The problem is that the process of domestication, by design, breeds out genetic variation 9. We select the traits we need and discard those we don’t. As far back as the Neolithic age we have bred crops to be big and fruitful. Over thousands of generations we have selected only the best performing individuals, culminating in our modern day, monoculture crops that produce high yields. The trade off is that they require highly favorable and regulated farming conditions. Thus, of the relatively few domesticated legumes we do have, it is likely they have lost many potentially resilient genes in favor of those that confer a higher yield 9.
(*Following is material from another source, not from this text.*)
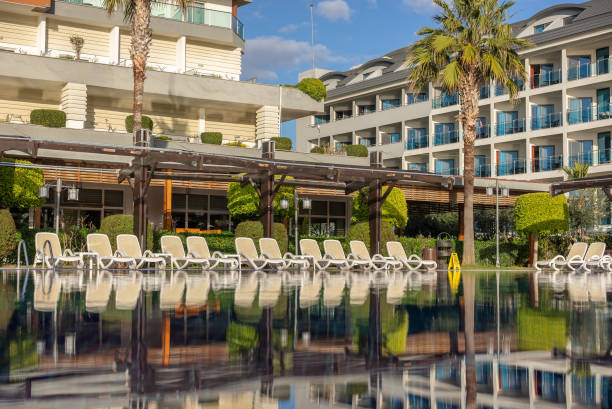 Tropical Hotel Resort and Pool with Lounge Chairs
In comparison, preserved within wild and uncultivated legumes species (of which there are literally hundreds!) is likely to be a treasure trove of genetic variation. Having not been pushed through the bottleneck of domestication, this wild gene pool will be more diverse 3. Moreover, having adapted to fend for themselves under harsh, unregulated conditions, wild species are expected to display morphology or behavior that confers hardiness and self-sufficiency.
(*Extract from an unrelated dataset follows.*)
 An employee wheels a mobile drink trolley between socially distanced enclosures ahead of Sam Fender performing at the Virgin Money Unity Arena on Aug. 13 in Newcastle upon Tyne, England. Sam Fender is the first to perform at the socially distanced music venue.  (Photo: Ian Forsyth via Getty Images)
To breed self-sustaining and resilient farming crops, we should exploit self-sustaining and resilient genes 3. This process is far from easy or straightforwards but there are many national and international organizations currently working to do just that. Scientific Institutions like CGIAR, CIAT and ICARDA. In the next installment, I aim to provide a more detailed exploration of their work – past, present and future – towards ‘Climate Proof’ legumes.
Without this vital research in his corner, Mr. Peanut faces a devastating ‘KO’ in the ring….
1 -Hoegh-Guldberg, Ove, Daniela Jacob, M Bindi, S Brown, I Camilloni, A Diedhiou, R Djalante, K Ebi, F Engelbrecht, and J Guiot. 2018. ‘Impacts of 1.5 C global warming on natural and human systems’, Global warming of 1.5 C. An IPCC Special Report.
2 -Malhi, Yadvinder, and James Wright. 2004. ‘Spatial patterns and recent trends in the climate of tropical rainforest regions’, Philosophical Transactions of the Royal Society of London. Series B: Biological Sciences, 359: 311-29.
3- Mitchell, ML, HC Norman, and RDB Whalley. 2015. ‘Use of functional traits to identify Australian forage grasses, legumes and shrubs for domestication and use in pastoral areas under a changing climate’, Crop and Pasture Science, 66: 71-89.
4 -Trenberth, Kevin E. 2006. ‘The impact of climate change and variability on heavy precipitation, floods, and droughts’, Encyclopedia of hydrological sciences.
5 –Lal, R. 2018. ‘Erosion impact on soil quality in the tropics.’ in, Soil quality and soil erosion (CRC Press).
6 -Moon, J, WK Lee, C Song, SG Lee, SB Heo, A Shvidenko, F Kraxner, M Lamchin, EJ Lee, and Y Zhu. 2017. ‘An introduction to Mid-Latitude ecotone: Sustainability and environmental challenges’, Siberian Journal of Forest Science, 6: 41-51.
7 -Henry, BK, RJ Eckard, and KA Beauchemin. 2018. ‘Adaptation of ruminant livestock production systems to climate changes’, Animal, 12: s445-s56.
8 -Delgado, Christopher L, Mark W Rosegrant, and Siet Meijer. 2001. “Livestock to 2020: The revolution continues.” In
9- Abberton, Michael, Jacqueline Batley, Alison Bentley, John Bryant, Hongwei Cai, James Cockram, Antonio Costa de Oliveira, Leland J Cseke, Hannes Dempewolf, and Ciro De Pace. 2016. ‘Global agricultural intensification during climate change: a role for genomics’, Plant biotechnology journal, 14: 1095-98.